WHAT NEEDS TO BE DONE: Print a faithful copy of the data below, word for word, with the pictures left out.
= = = =
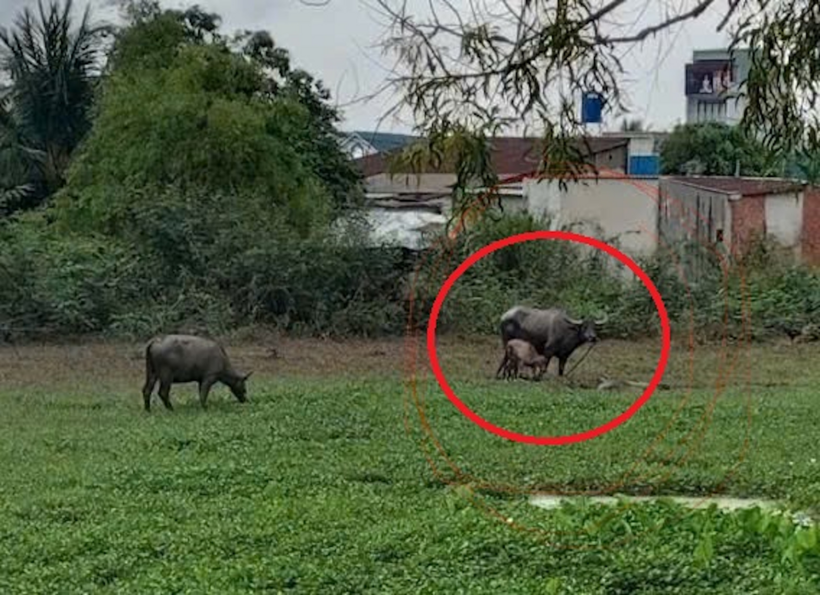 Trâu cái với cặp sừng dài, húc hai người đàn ông bị thương. Ảnh: VietNamNet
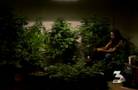 Bust yeilds more than $1 million in pot
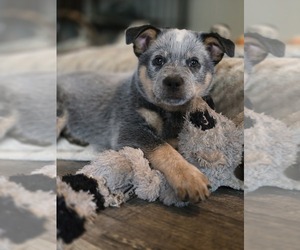 Australian Cattle Dog Puppy for sale in WATERBURY, VT, USA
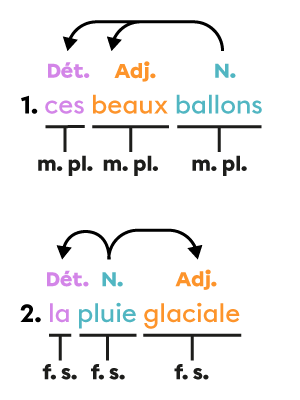 Deux groupes du nom dans lesquels un nom donne son genre et son nombre à un déterminant et à un adjectif.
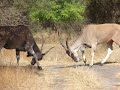Senegal - DAKAR - Reserve naturelle de BANDIA -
= = = =
REPLY TO THE TASK:
 Trâu cái với cặp sừng dài, húc hai người đàn ông bị thương. Ảnh: VietNamNet
 Bust yeilds more than $1 million in pot
 Australian Cattle Dog Puppy for sale in WATERBURY, VT, USA
 Deux groupes du nom dans lesquels un nom donne son genre et son nombre à un déterminant et à un adjectif.
Senegal - DAKAR - Reserve naturelle de BANDIA -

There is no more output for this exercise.